**Exercise aim**
When you reach the records below, output every one exactly as written but leave out any pictures.
──────── Record set
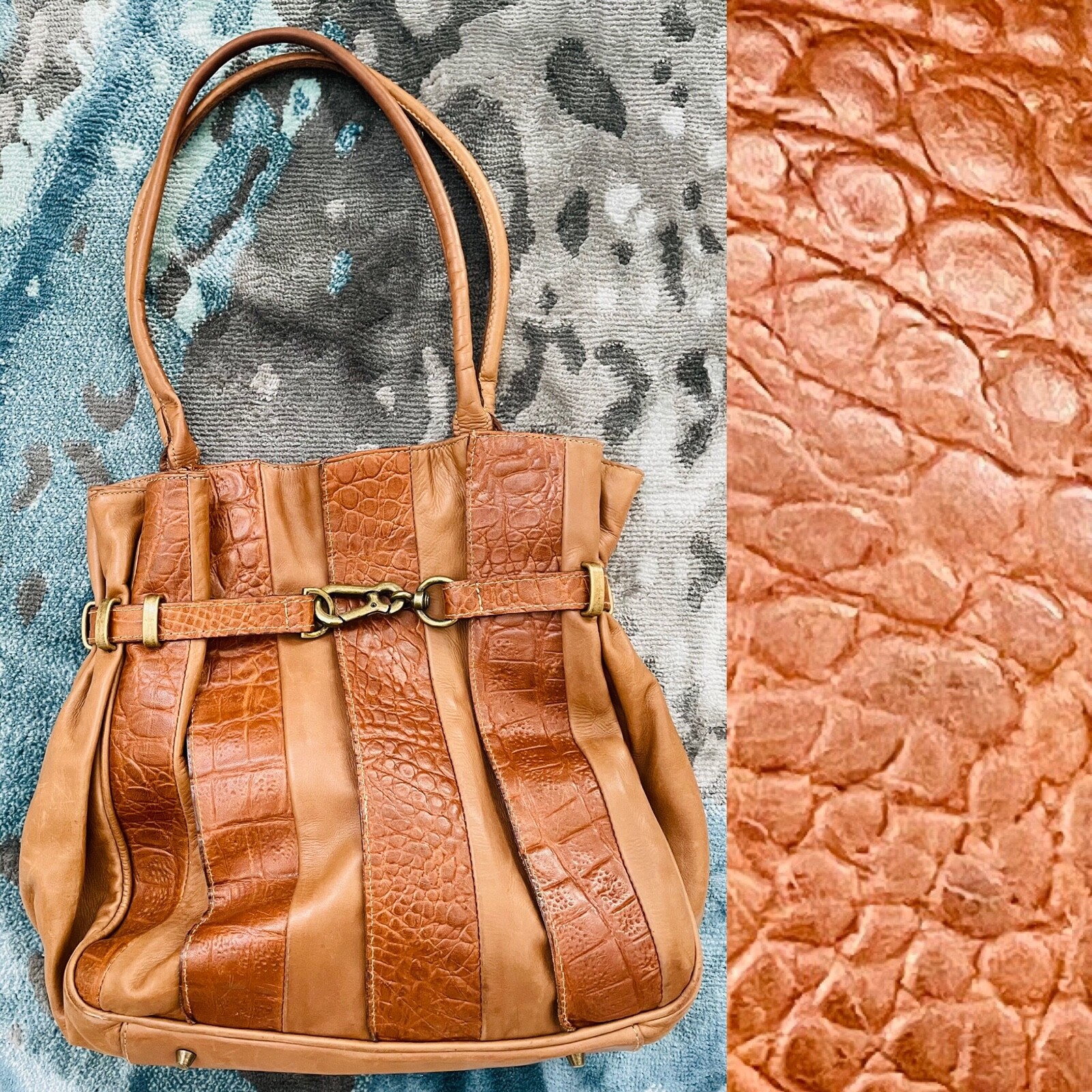 MICHAEL BIANCO Harness Collection Bottle Brown LEATHER Shoulder Bag Purse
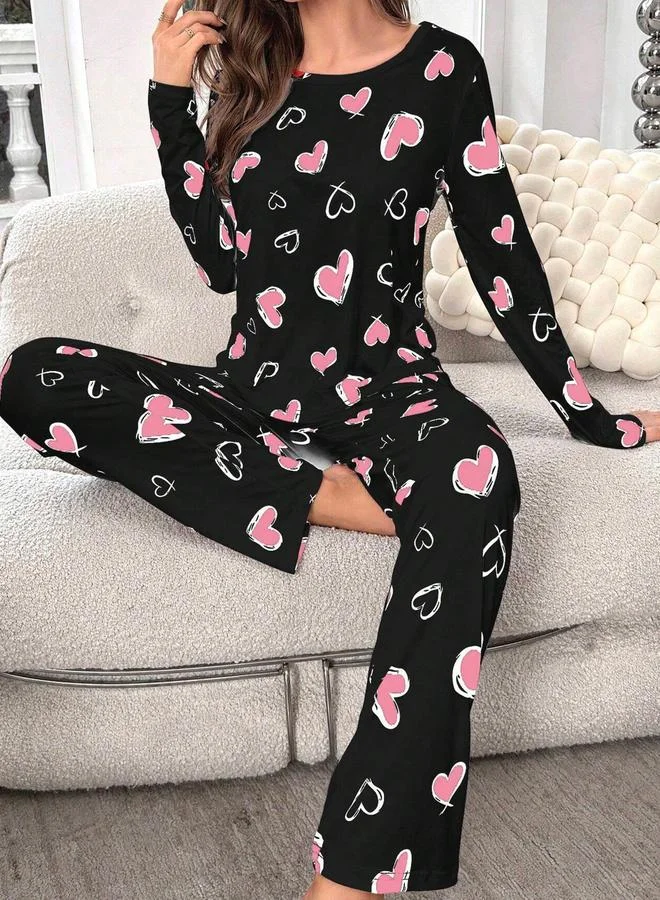 تايك تو طقم تيشيرت بأكمام طويلة بطبعة قلب مع بنطال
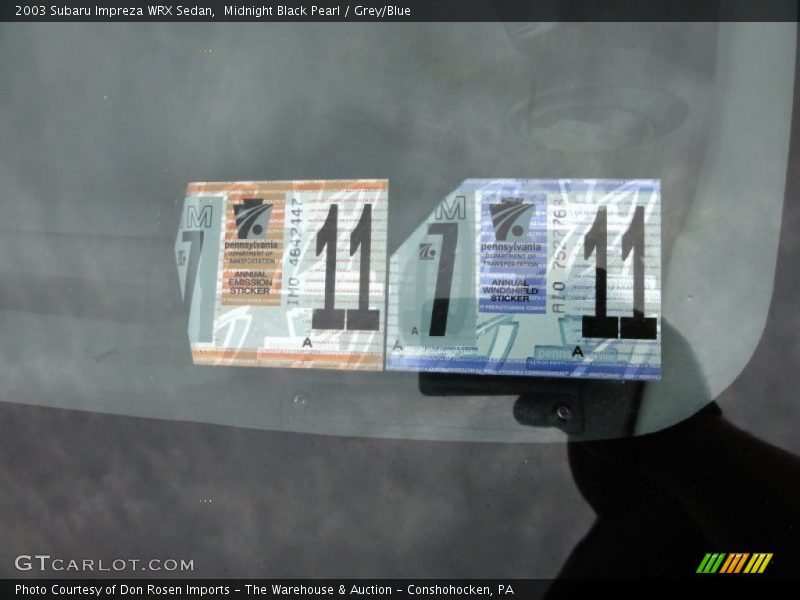 Midnight Black Pearl / Grey/Blue 2003 Subaru Impreza WRX Sedan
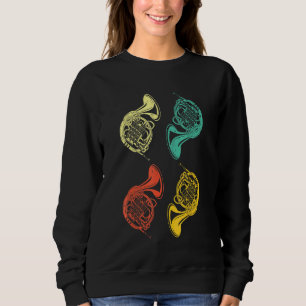 French Horn Music Retro Vintage Colourful French H Sweatshirt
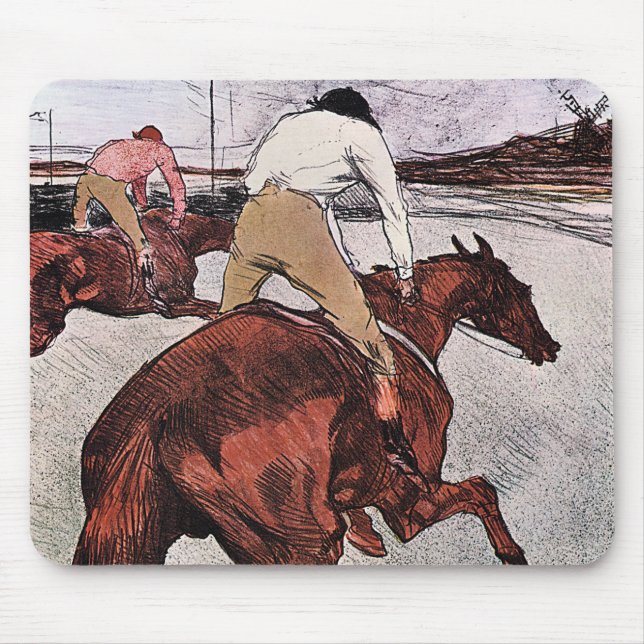 Alfombrilla De Ratón Jockey y caballo de carreras, Lautrec (Frente)
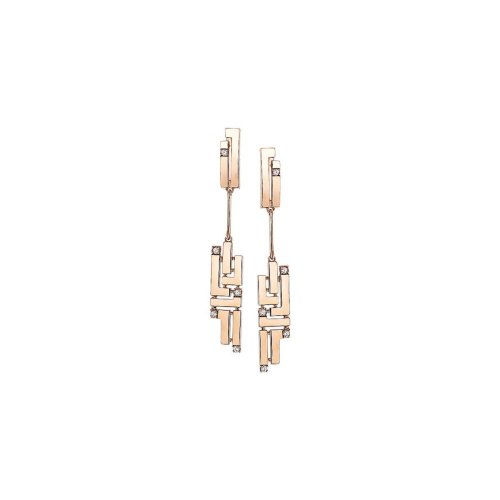 Серьги из красного золота 585 пробы с фианитами 01С1110173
────────────────
**Output for this task**
 MICHAEL BIANCO Harness Collection Bottle Brown LEATHER Shoulder Bag Purse
 تايك تو طقم تيشيرت بأكمام طويلة بطبعة قلب مع بنطال
 Midnight Black Pearl / Grey/Blue 2003 Subaru Impreza WRX Sedan
 French Horn Music Retro Vintage Colourful French H Sweatshirt
 Alfombrilla De Ratón Jockey y caballo de carreras, Lautrec (Frente)
 Серьги из красного золота 585 пробы с фианитами 01С1110173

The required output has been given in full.